_Excerpts from a dataset_
##############################
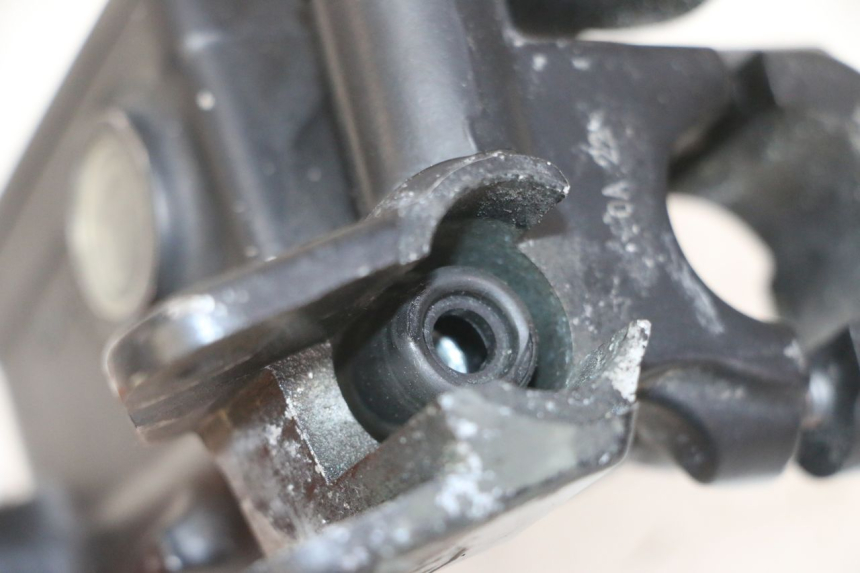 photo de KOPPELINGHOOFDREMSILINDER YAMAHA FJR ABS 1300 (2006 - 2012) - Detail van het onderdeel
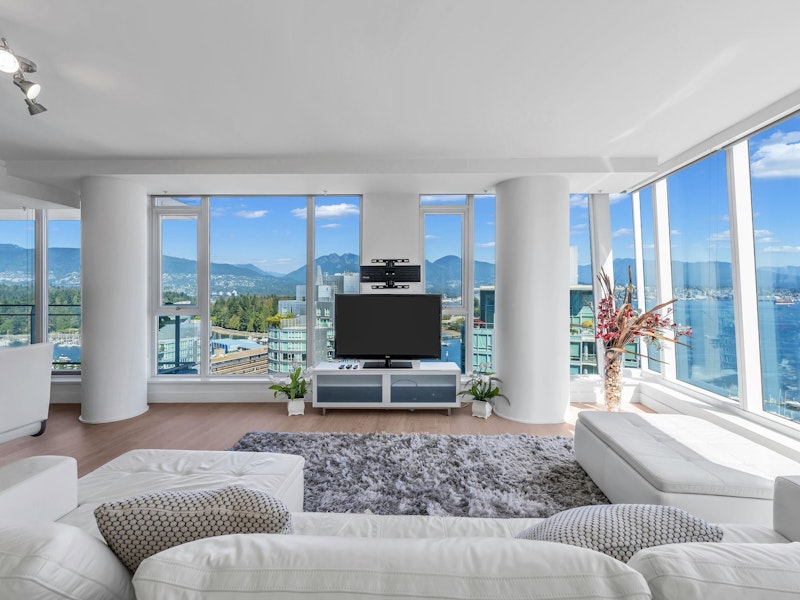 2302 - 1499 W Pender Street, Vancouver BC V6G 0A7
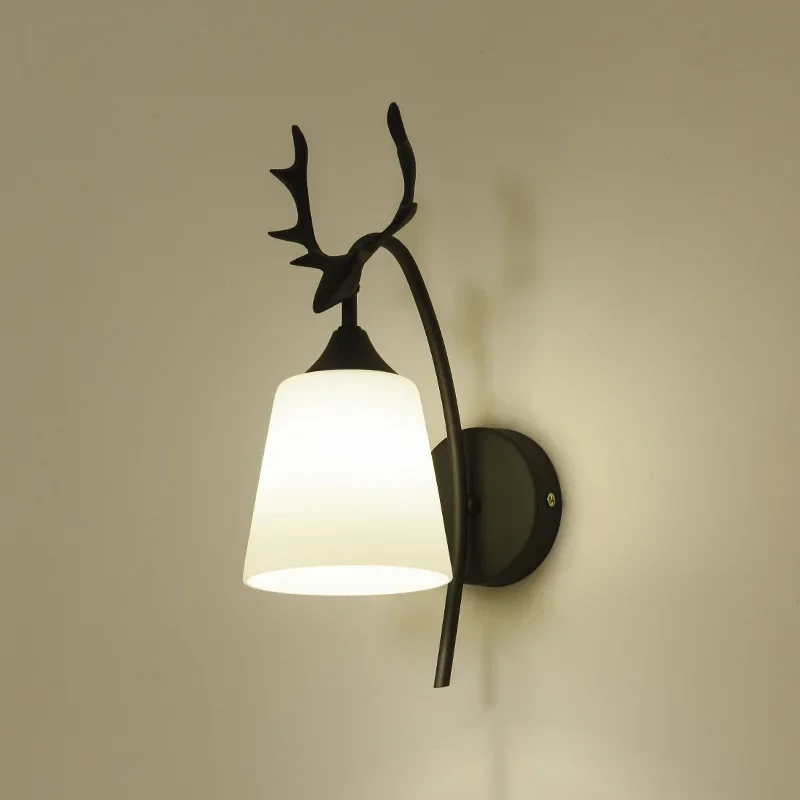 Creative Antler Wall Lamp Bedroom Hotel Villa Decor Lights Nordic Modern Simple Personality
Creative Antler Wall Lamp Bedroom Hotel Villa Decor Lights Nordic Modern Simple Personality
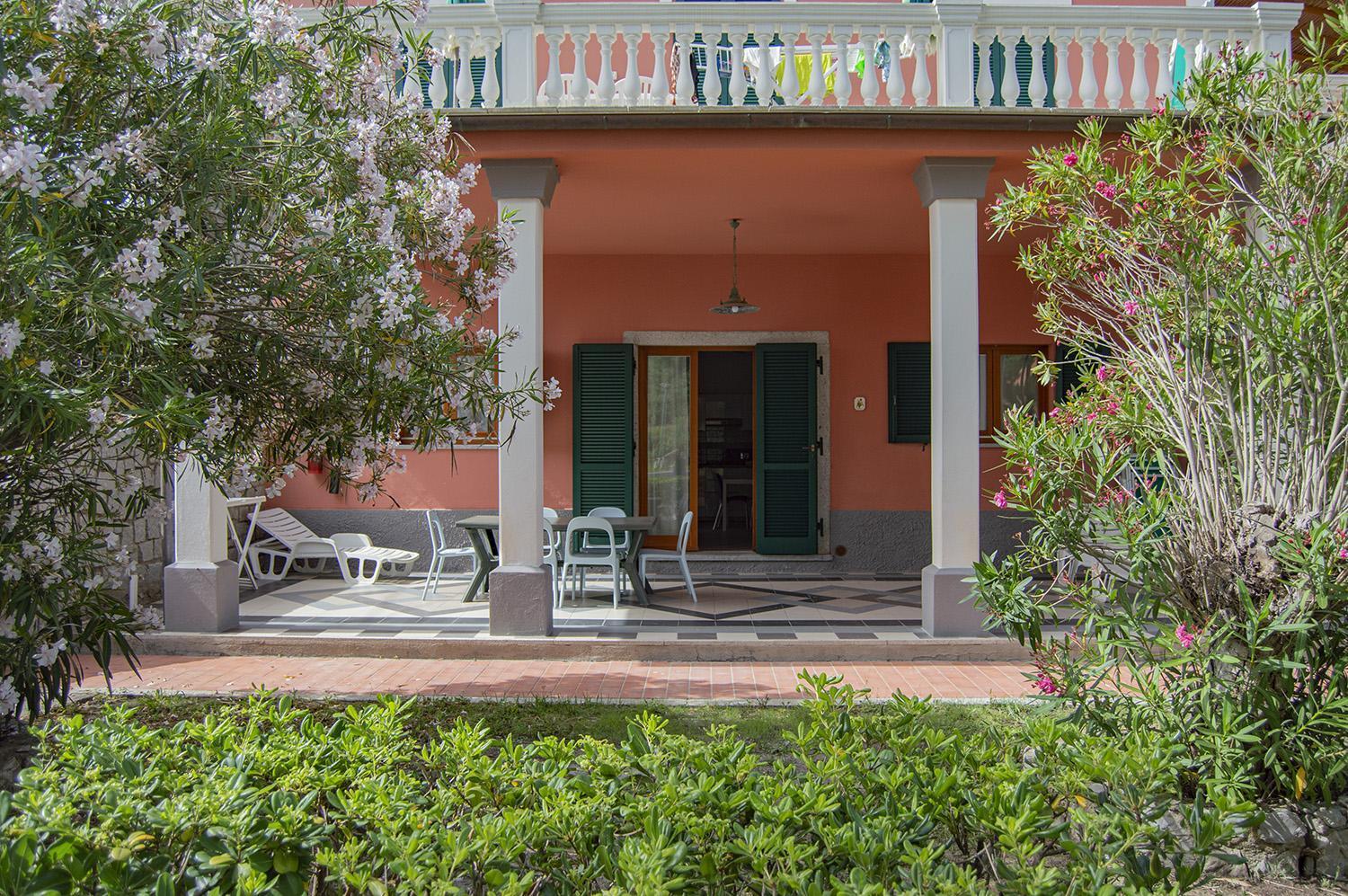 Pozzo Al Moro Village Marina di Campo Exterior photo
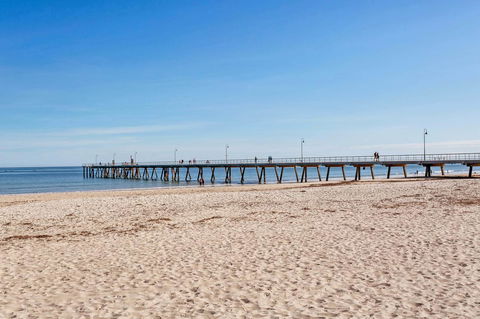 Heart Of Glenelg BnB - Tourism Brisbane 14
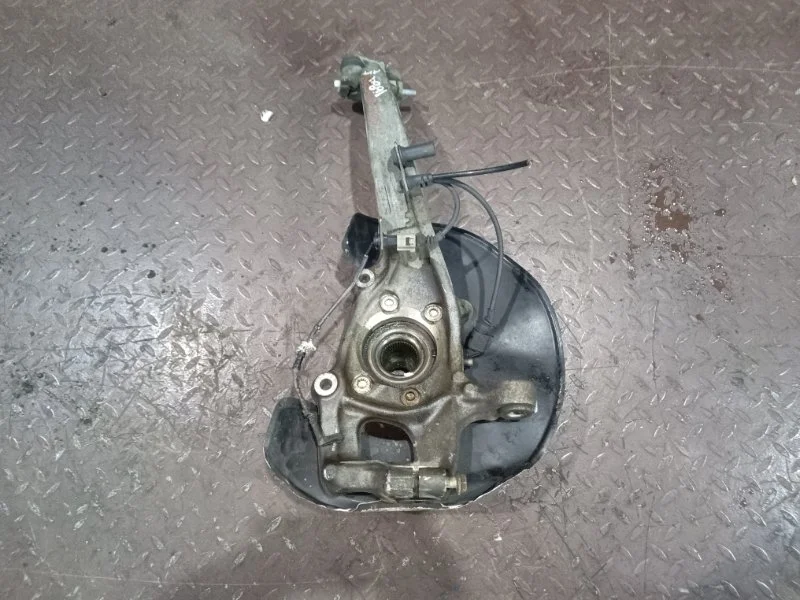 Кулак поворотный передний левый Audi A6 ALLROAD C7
##############################
_Task brief_
With all pictures excluded, output exactly the lines from the one containing "Pozzo Al Moro" through the final line of the entries, inclusive.

_Worked solution_
 Pozzo Al Moro Village Marina di Campo Exterior photo
 Heart Of Glenelg BnB - Tourism Brisbane 14
 Кулак поворотный передний левый Audi A6 ALLROAD C7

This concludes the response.